Abe Voelker's blog Programming stuff, mainly

Longchar sucks. Introducing BigCharacter

4 minute read

Now that I’ve got your attention, let me say this: LONGCHAR doesn’t always suck. But, it definitely does suck sometimes

The Bug

Here’s an example. How long does it take for this code to complete on your system?

DEF VAR lc AS LONGCHAR NO-UNDO.
DEF VAR i  AS INT      NO-UNDO.

DO i=1 TO 1000000:
  lc = lc + STRING(i).
  IF i MOD 100 EQ 0 THEN
    STATUS DEFAULT STRING(i).
END.

On the 4-CPU / 8GiB RAM Unix server I ran it on, it took 3 1/2 hours! It started rather quickly, but once it hit ~ 100K records it started to slow down quite a bit. This issue is documented in ProKB #P101079, and according to Progress is “expected behavior” due to the STRING(i) being an implicit cast to LONGCHAR, which is supposedly a “resource consuming” operation. To me, this doesn’t really add up, since when you run the above code, it does go really fast for at least the first 100K records. If that explanation was true, then wouldn’t the operation be consistently slow, and not start out really fast and then slow down? Not like the explanation really matters too much - the operation is slow nonetheless.

This bug is harmful to me mostly due to the heavy use of CHAR-to-LONGCHAR appending in my ExcelABL classes. This is a needed operation when I have to serialize many objects (Cells) into a flat chunk of memory (a LONGCHAR in their parent Worksheet). The reason for the serialization is because Progress allocates a very large amount of space for objects, and without flattening them into the smallest amount of space possible (when the number of objects reaches a certain threshold), one would run out of memory for even moderately sized Excel Worksheets. Basically, directly due to this bug, the creation of large Excel documents can take an unnecessarily long amount of time.

A Proposed Solution

I have created a new datatype called BigCharacter (the source of which is linked for your convenience) that I hope will address some of the shortcomings of the LONGCHAR datatype. Even though it will not be quite a “drop-in” replacement since Progress doesn’t allow operator overloading and there is no garbage collection (well, not in 10.1C anyway), I hope it can still be considered a useful alternative for some cases.

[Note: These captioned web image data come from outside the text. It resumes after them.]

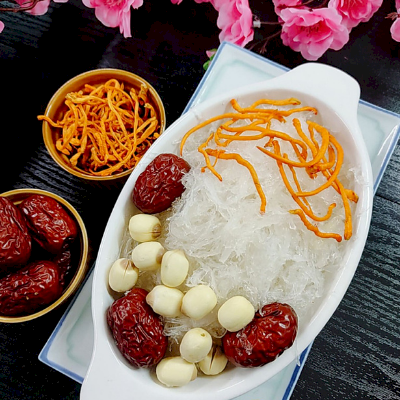 tổ yến đông trùng hạ thảo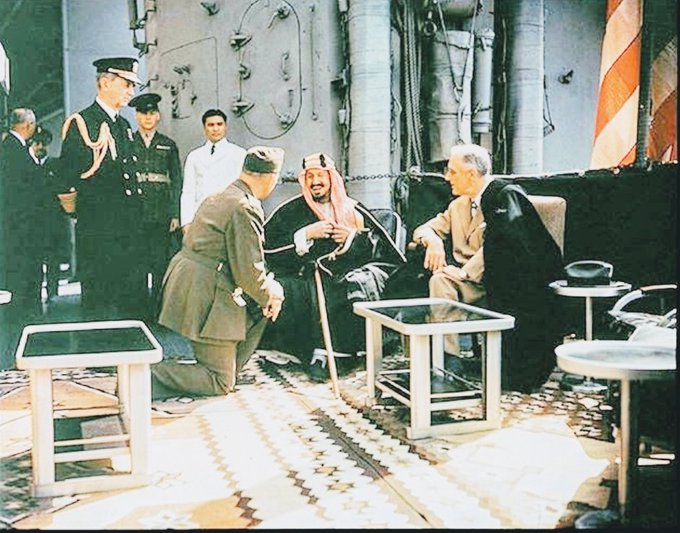 king Abdalaziz with president Rosovelt in Cairo 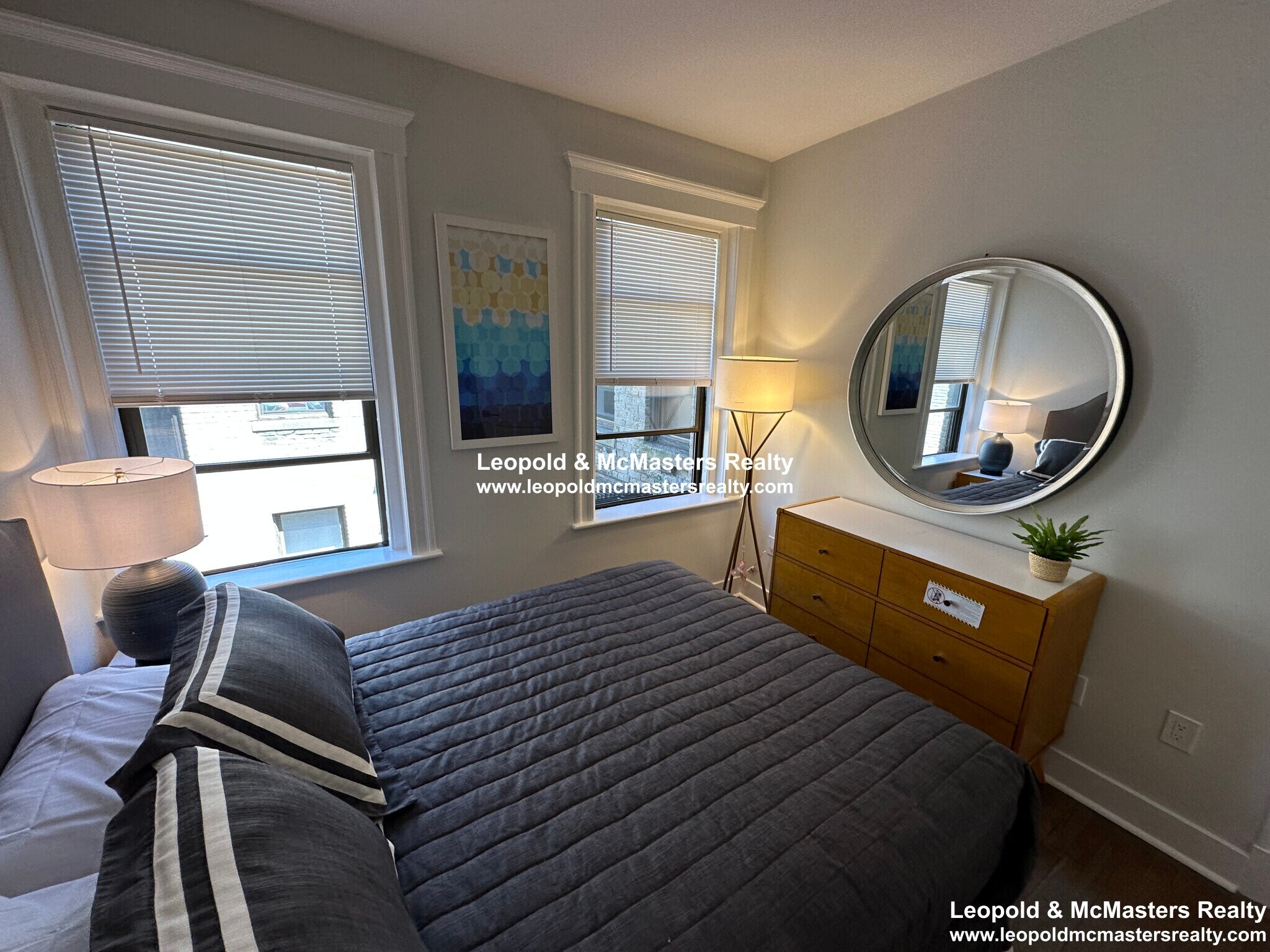 Building Photo - 51 Park Dr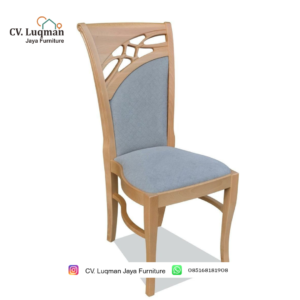 Kursi Makan Kayu Solid dengan Busa High-Density – Kokoh, Empuk, dan Bergaransi dari CV. Luqman Jaya.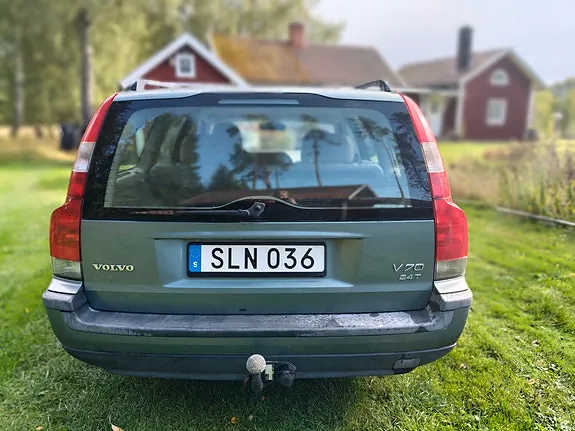 Volvo V70 2001 photo 2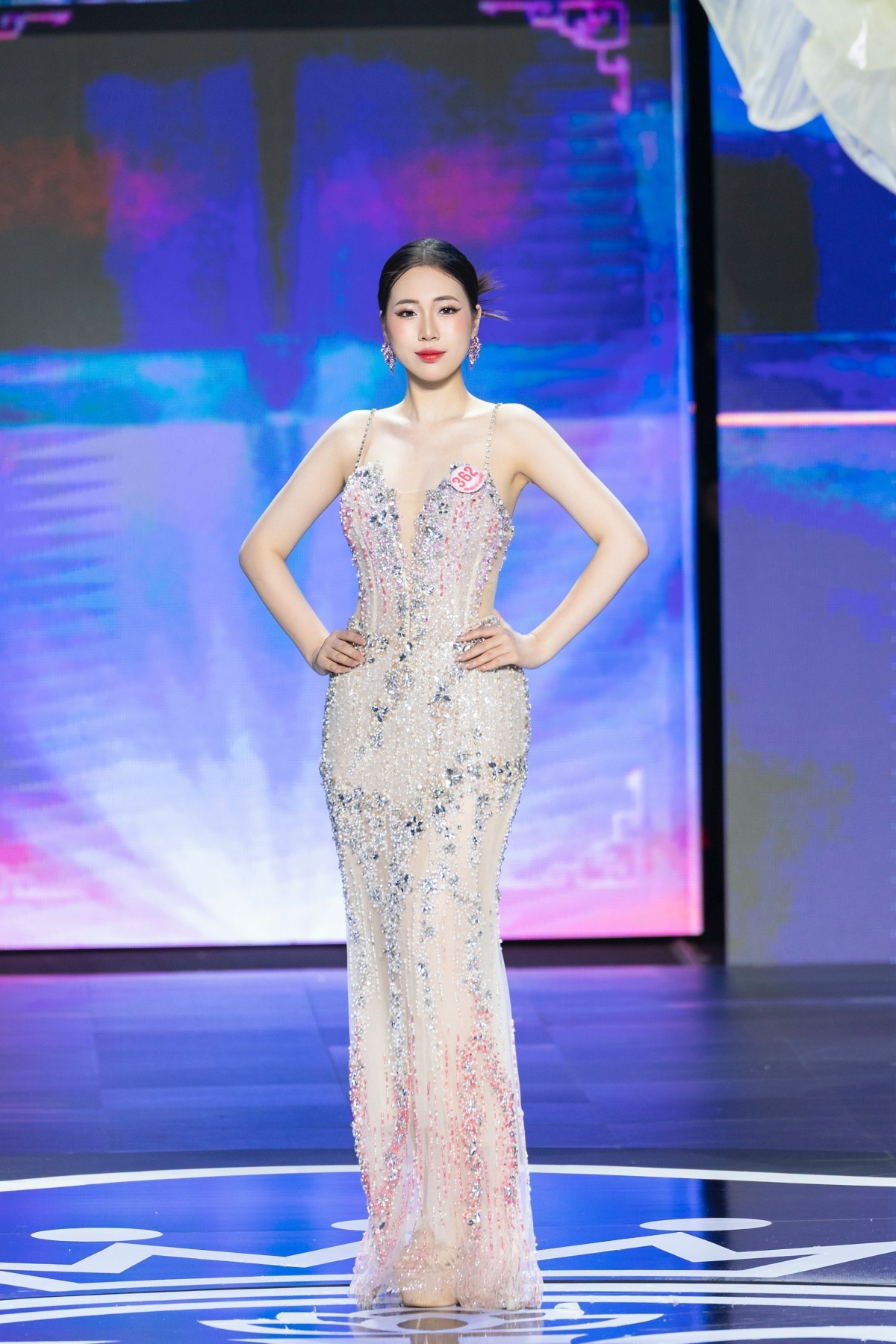 Ngắm Top 25 thí sinh Hoa hậu Việt Nam 2024 xinh đẹp lộng lẫy trong trang phục dạ hội ảnh 5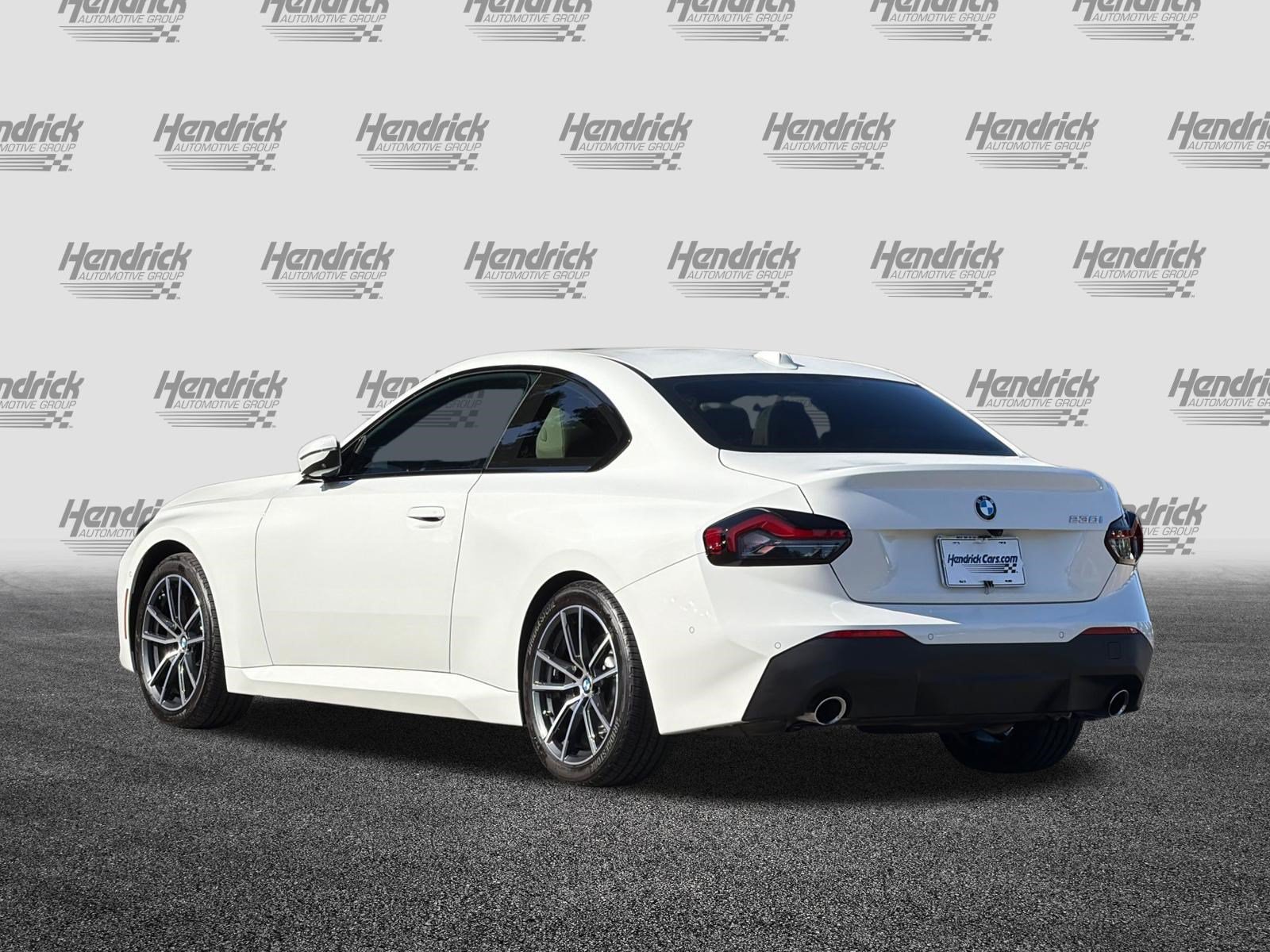 Used 2026 BMW 230i Coupe w/ Convenience Package RWD image 7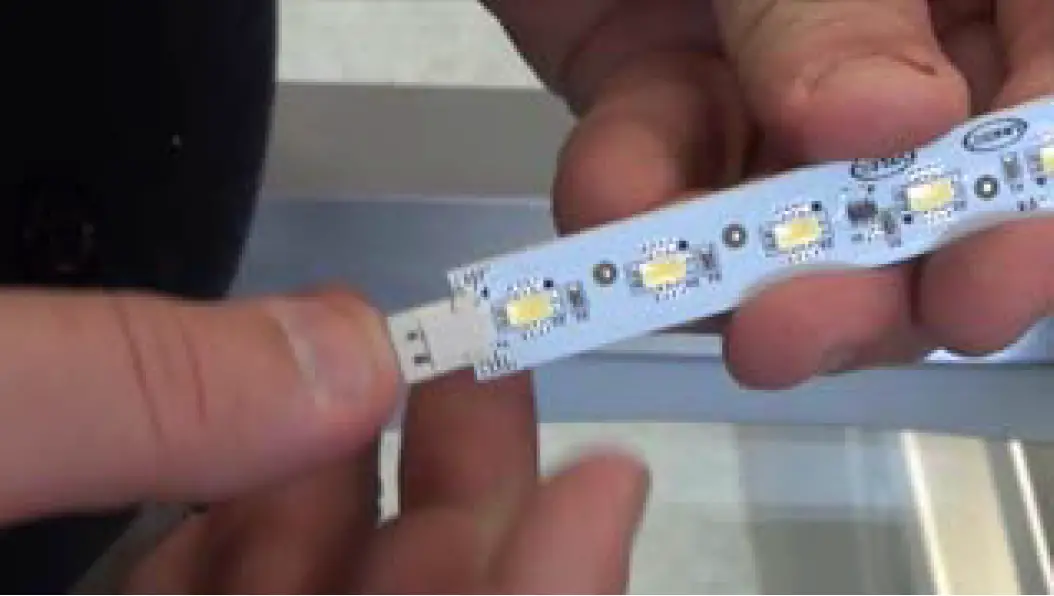 REPLACEMENT OF DOOR LAMP 10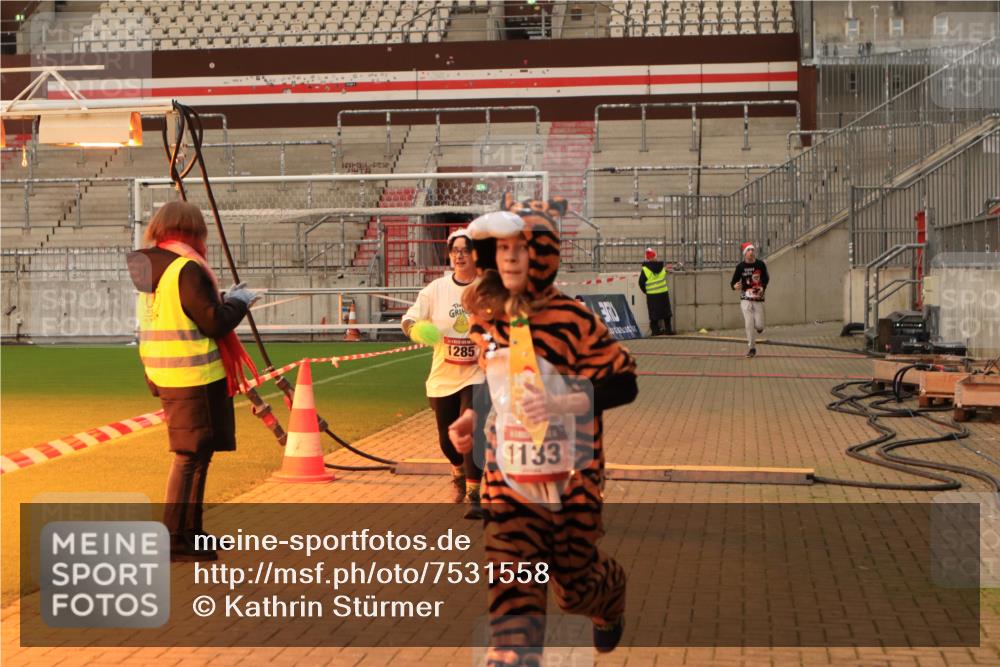 08.12.2024 - St. Pauli X-Mass-Run No. 14 Kathrin Stürmer Photography http://msf.ph/oto/7531558 08.12.2024 10:52:11 Ziel 559, 1133, 1285, 1756, 1785 meine-sportfotos.de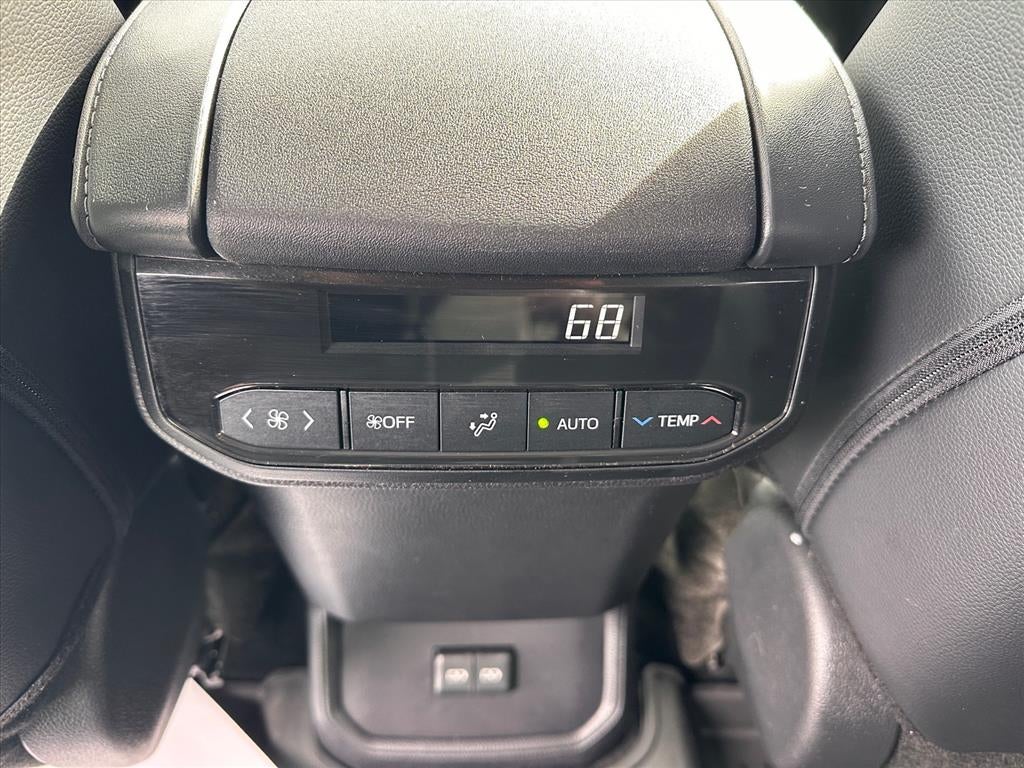 2024 Toyota Highlander Hybrid XLE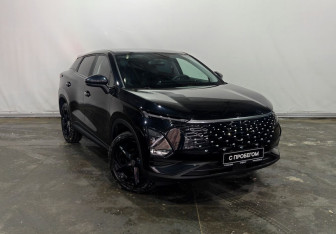 Подержанный автомобиль Omoda C5 2023 года (3 фото)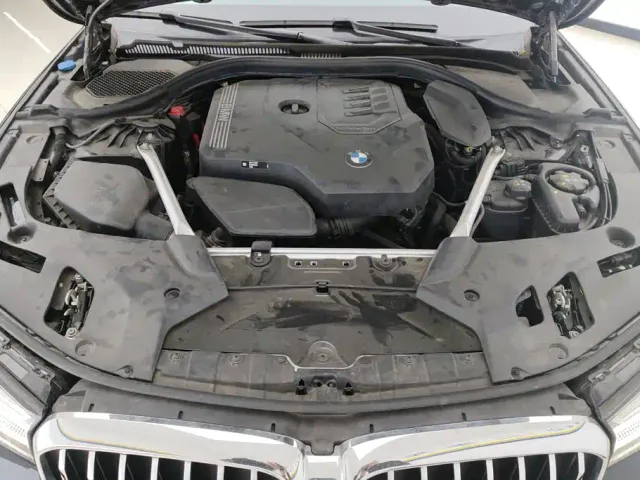 BMW 5 Series — Фото автомобиля 10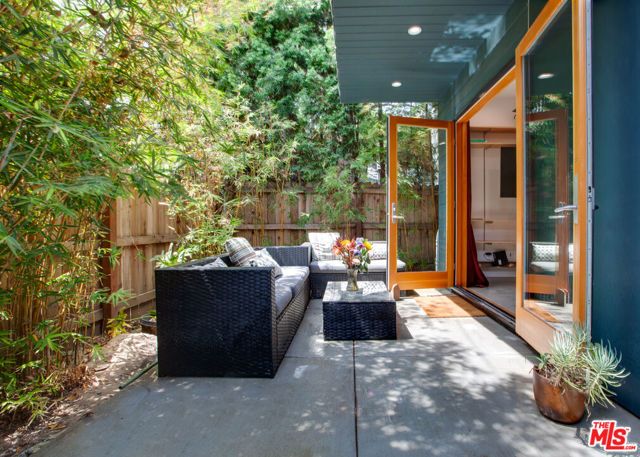 4135 Michael Avenue, Los Angeles, CA 90066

Here is the same test from above, instead performed using BigCharacter:

DEF VAR objbc AS BigCharacter NO-UNDO.
DEF VAR i     AS INT          NO-UNDO.

objbc = NEW BigCharacter().
DO i=1 TO 1000000:
  objbc:append(STRING(i)).
  IF i MOD 100 EQ 0 THEN
    STATUS DEFAULT STRING(i).
END.

FINALLY:
  IF VALID-OBJECT(objbc) THEN
    DELETE OBJECT objbc NO-ERROR.
END.

On my system, this test finished in under two minutes!

BigCharacter’s speed advantage in the above test is due to its strict use of primitive CHARACTER variables at its core, which do not suffer from the performance penalty of CHARACTER-to-LONGCHAR append operations referenced above. All dynamic allocation of CHARACTER data is handled by the class structure without the user having to know the details.

Caveats

This code is definitely a work-in-progress and there are a few kinks I have yet to work out… I might end up gutting most of the internals and changing how things work completely. However, I have tried to structure the BigCharacter public method signatures in a way so that future improvements should be backwards-compatible with any code that uses the current version (no re-compile required). Here are some known and theoretical issues:

  • My original, naïve implementation was only a single class which basically wrapped CHARACTER variables in a temp-table. Unfortunately, this caused errors that prompted me to increase my session -s parameter (the stack space ceiling). This has since been corrected with a new design.
  • My current implementation is basically a wrapper around the original naïve implementation, which can essentially be thought of as a master temp-table of CHARACTER temp-tables. Unfortunately, for relatively large amounts of data, it prompts the user to increase the session -l parameter. After reading Progress Knowledgebase #P116899, I think this might have to do with leaving a lot of CharBlock ttChar buffers open. A quick fix might be to RELEASE these buffers when I am done with them.
  • Writing to a file/disk is much slower than LONGCHAR for relatively large amounts of data. My guess is that the temp-tables are being paged to disk without me knowing it, and when I am trying to write their values out to file I have to re-read them in to memory before writing them back out to disk again. Since I can’t really control how temp-tables are stored internally, the only way to get around this is to stop using temp-tables all together. I would like to explore using work-tables or indeterminate arrays as an alternative; the big advantage of these are that they should stay strictly in-memory.
  • Progress’s hard limit of 32,000 indexes per session. Since each CharBlock (and BigCharacter) needs its own temp-table, this imposes a limit on the maximum size and number of BigCharacters in a session. Like the above issue, the only way to really get around this is to get rid of the usage of temp-tables internally in the classes.